Romans 15:22-33 NKJV
22 For this reason I also have been much hindered from coming to you. 23 But now no longer having a place in these parts, and having a great desire these many years to come to you, 24 whenever I journey to Spain, I shall come to you. For I hope to see you on my journey, and to be helped on my way there by you, if first I may enjoy your company for a while. 25 But now I am going to Jerusalem to minister to the saints. 26 For it pleased those from Macedonia and Achaia to make a certain contribution for the poor among the saints who are in Jerusalem. 27 It pleased them indeed, and they are their debtors. For if the Gentiles have been partakers of their spiritual things, their duty is also to minister to them in material things. 28 Therefore, when I have performed this and have sealed to them this fruit, I shall go by way of you to Spain. 29 But I know that when I come to you, I shall come in the fullness of the blessing of the gospel of Christ.

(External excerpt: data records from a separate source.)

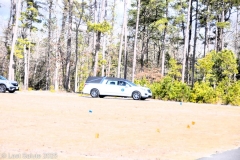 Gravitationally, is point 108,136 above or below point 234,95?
below

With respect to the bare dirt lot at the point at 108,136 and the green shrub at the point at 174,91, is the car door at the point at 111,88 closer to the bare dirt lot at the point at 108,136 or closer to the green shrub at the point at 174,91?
the green shrub at the point at 174,91

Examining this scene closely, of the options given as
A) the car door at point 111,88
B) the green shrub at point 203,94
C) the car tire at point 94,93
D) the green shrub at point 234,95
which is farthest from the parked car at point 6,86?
the green shrub at point 234,95

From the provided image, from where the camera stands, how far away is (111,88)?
81.5 ft

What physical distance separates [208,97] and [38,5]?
26.4m

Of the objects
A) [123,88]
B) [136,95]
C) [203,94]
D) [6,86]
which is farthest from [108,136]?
[6,86]

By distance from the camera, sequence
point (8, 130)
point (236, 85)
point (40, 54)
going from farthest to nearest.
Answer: point (40, 54) < point (236, 85) < point (8, 130)

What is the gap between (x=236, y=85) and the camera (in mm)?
23844

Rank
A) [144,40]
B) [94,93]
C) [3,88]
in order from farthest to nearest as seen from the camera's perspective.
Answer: [144,40] → [3,88] → [94,93]

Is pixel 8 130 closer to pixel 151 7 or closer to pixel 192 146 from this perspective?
pixel 192 146

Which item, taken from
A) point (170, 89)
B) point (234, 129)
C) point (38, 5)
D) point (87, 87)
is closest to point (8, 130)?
point (234, 129)

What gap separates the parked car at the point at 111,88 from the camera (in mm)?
24484

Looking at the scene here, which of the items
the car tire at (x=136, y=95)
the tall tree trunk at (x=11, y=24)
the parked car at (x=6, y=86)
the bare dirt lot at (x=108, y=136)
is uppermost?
the tall tree trunk at (x=11, y=24)

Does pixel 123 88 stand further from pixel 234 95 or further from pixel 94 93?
pixel 234 95

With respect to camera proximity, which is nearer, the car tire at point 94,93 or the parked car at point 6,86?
the car tire at point 94,93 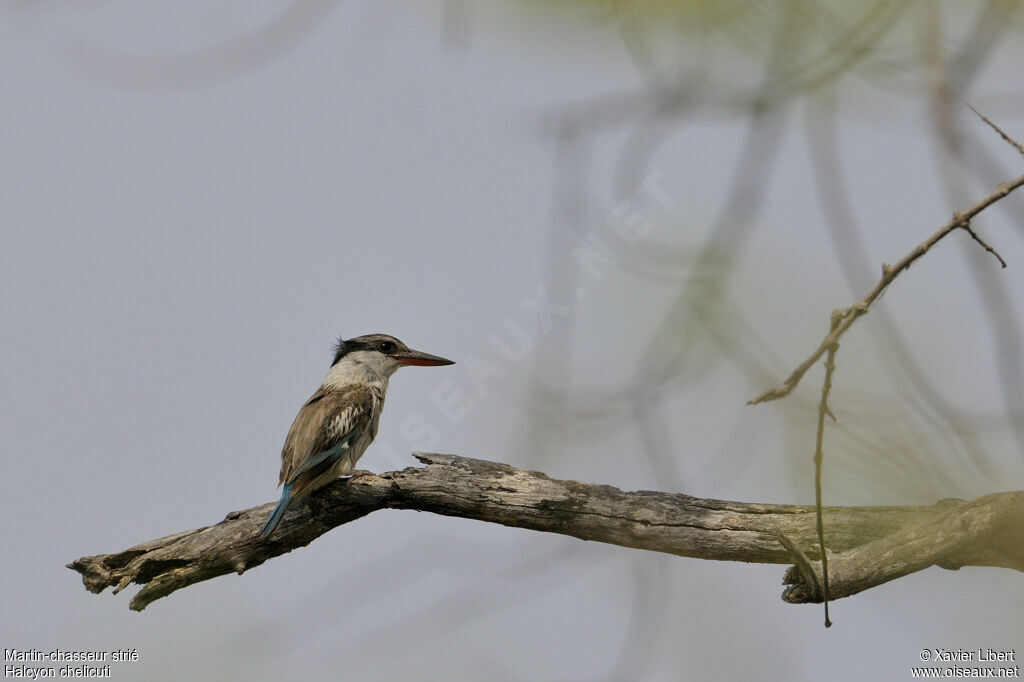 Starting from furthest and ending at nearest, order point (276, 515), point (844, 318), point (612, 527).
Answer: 1. point (276, 515)
2. point (612, 527)
3. point (844, 318)

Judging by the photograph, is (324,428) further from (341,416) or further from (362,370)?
(362,370)

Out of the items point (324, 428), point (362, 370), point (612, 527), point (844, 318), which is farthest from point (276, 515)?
point (844, 318)

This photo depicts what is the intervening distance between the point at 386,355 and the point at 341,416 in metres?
0.92

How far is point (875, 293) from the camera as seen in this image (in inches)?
86.6

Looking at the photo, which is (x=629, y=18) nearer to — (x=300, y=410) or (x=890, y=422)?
(x=890, y=422)

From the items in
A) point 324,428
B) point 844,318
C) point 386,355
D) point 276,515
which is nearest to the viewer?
point 844,318

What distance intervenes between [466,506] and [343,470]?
94 centimetres

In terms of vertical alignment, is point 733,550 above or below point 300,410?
below

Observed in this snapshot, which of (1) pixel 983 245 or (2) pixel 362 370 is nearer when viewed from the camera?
(1) pixel 983 245

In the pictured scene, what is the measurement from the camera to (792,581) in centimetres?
318

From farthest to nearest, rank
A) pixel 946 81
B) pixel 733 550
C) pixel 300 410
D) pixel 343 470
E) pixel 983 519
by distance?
pixel 300 410 < pixel 343 470 < pixel 733 550 < pixel 983 519 < pixel 946 81

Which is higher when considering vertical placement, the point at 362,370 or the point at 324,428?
the point at 362,370

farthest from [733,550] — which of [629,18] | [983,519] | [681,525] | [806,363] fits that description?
[629,18]

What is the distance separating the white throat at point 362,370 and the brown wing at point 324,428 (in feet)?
0.41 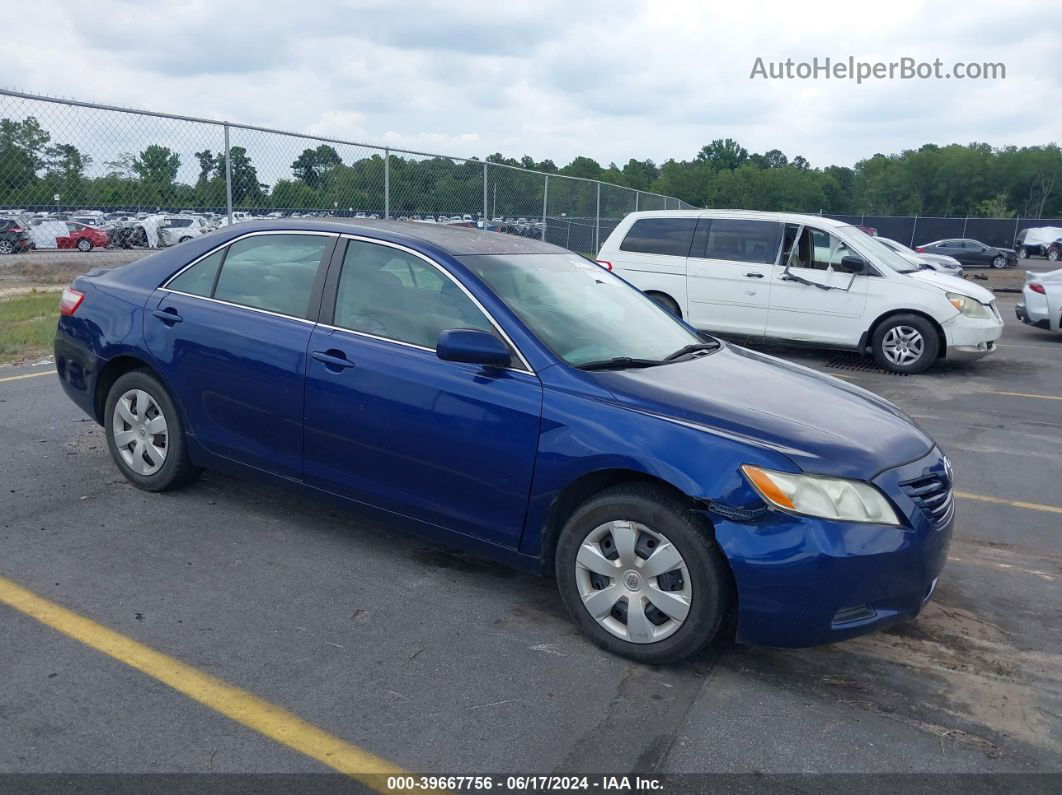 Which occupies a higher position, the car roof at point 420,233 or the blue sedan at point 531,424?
the car roof at point 420,233

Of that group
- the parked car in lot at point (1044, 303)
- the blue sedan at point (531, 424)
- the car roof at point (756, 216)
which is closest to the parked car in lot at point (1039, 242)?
the parked car in lot at point (1044, 303)

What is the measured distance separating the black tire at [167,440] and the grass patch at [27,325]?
461 cm

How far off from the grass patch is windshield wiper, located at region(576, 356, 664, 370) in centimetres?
718

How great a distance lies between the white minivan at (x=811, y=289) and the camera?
34.4ft

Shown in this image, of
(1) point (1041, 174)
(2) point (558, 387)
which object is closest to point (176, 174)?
(2) point (558, 387)

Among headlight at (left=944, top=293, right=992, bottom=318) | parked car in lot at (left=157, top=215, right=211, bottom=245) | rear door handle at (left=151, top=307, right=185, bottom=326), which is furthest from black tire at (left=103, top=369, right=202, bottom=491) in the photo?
headlight at (left=944, top=293, right=992, bottom=318)

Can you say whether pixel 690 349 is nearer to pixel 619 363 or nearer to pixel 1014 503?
pixel 619 363

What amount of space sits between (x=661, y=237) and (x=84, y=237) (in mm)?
7082

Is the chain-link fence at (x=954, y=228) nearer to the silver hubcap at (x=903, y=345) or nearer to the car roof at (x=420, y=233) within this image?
the silver hubcap at (x=903, y=345)

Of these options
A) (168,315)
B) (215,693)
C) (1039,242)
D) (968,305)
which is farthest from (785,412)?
(1039,242)

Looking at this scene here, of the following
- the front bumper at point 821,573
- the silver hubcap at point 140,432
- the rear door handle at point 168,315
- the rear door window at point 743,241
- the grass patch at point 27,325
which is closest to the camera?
the front bumper at point 821,573

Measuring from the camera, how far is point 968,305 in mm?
10523

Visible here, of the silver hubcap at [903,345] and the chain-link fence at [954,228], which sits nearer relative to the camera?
the silver hubcap at [903,345]

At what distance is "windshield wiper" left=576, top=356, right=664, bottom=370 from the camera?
3.86 meters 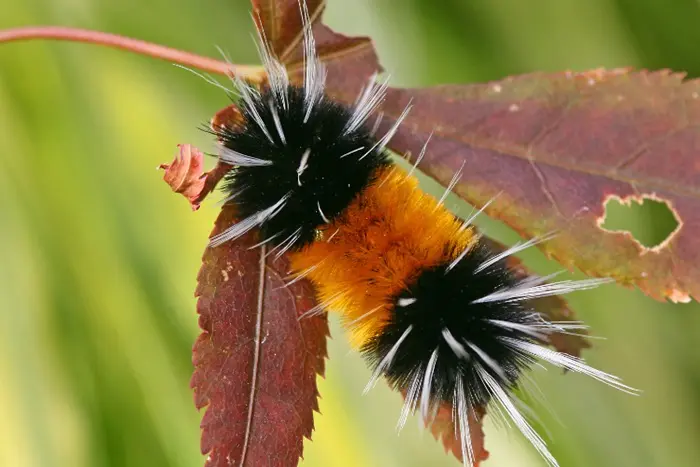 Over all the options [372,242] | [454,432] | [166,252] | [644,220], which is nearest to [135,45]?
[372,242]

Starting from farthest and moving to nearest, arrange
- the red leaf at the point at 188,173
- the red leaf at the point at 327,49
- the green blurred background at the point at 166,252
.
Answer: the green blurred background at the point at 166,252, the red leaf at the point at 327,49, the red leaf at the point at 188,173

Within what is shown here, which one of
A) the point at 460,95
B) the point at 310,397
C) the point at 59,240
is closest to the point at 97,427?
the point at 59,240

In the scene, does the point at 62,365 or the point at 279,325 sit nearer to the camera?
the point at 279,325

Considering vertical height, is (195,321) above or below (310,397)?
below

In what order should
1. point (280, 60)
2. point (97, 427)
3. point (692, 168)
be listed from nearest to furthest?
1. point (692, 168)
2. point (280, 60)
3. point (97, 427)

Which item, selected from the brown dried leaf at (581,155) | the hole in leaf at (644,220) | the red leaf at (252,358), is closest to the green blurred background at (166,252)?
the hole in leaf at (644,220)

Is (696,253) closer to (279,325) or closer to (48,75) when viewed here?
(279,325)

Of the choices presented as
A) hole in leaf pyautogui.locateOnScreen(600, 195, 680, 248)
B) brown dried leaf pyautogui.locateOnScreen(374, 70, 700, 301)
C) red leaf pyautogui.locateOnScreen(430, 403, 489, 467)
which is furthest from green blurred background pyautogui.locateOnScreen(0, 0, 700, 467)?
brown dried leaf pyautogui.locateOnScreen(374, 70, 700, 301)

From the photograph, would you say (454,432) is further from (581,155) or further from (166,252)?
(166,252)

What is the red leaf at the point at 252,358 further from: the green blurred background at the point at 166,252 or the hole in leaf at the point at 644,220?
the hole in leaf at the point at 644,220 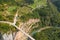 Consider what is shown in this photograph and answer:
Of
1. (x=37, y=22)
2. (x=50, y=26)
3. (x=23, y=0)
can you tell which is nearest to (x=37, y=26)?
(x=37, y=22)

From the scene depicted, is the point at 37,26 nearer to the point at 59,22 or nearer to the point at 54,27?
the point at 54,27

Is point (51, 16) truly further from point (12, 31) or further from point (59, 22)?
point (12, 31)

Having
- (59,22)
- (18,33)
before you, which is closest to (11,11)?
(18,33)

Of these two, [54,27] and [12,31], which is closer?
[12,31]

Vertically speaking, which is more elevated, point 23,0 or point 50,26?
point 23,0

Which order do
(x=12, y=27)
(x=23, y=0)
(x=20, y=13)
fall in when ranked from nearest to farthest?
1. (x=12, y=27)
2. (x=20, y=13)
3. (x=23, y=0)

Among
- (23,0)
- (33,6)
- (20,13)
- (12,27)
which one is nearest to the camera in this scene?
(12,27) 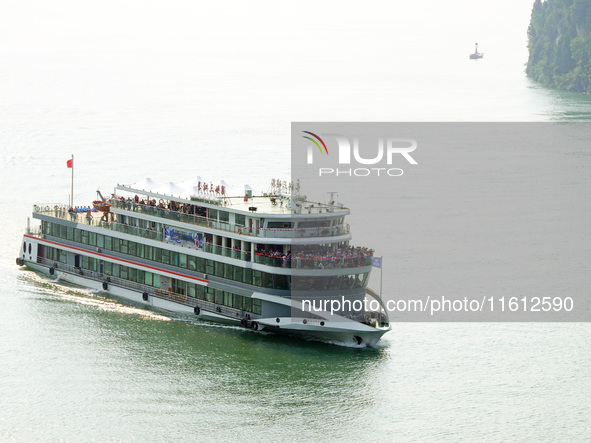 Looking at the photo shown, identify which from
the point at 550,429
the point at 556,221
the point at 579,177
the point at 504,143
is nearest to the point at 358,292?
the point at 550,429

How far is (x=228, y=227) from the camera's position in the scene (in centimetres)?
7338

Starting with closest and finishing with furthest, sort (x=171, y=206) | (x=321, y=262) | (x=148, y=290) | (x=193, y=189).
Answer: (x=321, y=262)
(x=193, y=189)
(x=148, y=290)
(x=171, y=206)

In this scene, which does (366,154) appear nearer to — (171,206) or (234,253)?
(171,206)

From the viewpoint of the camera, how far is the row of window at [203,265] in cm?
7050

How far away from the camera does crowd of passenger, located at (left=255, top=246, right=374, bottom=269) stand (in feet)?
229

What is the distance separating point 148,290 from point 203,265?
474cm

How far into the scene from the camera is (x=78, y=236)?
83875mm

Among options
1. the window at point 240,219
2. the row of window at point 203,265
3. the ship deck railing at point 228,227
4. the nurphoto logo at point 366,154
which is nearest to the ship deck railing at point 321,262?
the row of window at point 203,265

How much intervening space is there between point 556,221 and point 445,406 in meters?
43.4

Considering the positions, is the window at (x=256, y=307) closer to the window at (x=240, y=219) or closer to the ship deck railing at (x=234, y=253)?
the ship deck railing at (x=234, y=253)

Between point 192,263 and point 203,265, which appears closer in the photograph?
point 203,265

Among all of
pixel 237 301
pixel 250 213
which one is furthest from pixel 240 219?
pixel 237 301

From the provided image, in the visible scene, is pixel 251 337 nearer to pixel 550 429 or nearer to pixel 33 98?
pixel 550 429

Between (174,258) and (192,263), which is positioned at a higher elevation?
(174,258) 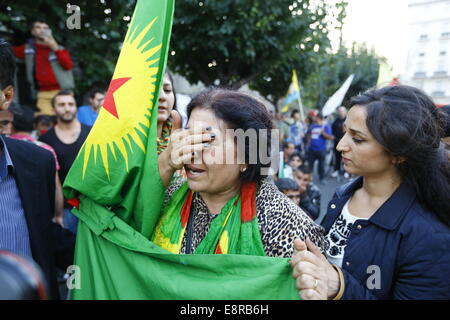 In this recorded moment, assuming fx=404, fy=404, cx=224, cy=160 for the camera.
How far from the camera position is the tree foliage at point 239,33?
29.7 feet

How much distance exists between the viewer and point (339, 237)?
1.71m

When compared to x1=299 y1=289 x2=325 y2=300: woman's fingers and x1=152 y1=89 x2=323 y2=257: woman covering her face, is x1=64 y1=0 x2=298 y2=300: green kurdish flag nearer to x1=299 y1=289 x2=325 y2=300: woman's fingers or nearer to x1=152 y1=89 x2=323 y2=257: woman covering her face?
x1=152 y1=89 x2=323 y2=257: woman covering her face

30 Now I beg you, brethren, through the Lord Jesus Christ, and through the love of the Spirit, that you strive together with me in prayers to God for me, 31 that I may be delivered from those in Judea who do not believe, and that my service for Jerusalem may be acceptable to the saints, 32 that I may come to you with joy by the will of God, and may be refreshed together with you. 33 Now the God of peace be with you all. Amen.
In v. 30 of today’s reading, St. Paul urges the Christians in Rome to “join me in my struggle by praying to God for me.” This request is not hard to understand given everything that Paul was facing and was about to face. After his conversion early in the book of Acts, Paul faced difficulty in establishing himself as a legitimate Christian preacher after spending the majority of his life before that as a persecutor of Christ and His people. And he would continue to face challenges while preaching the Gospel to the Gentiles. Among other things, Paul faced imprisonment (Acts 16) for preaching the Gospel.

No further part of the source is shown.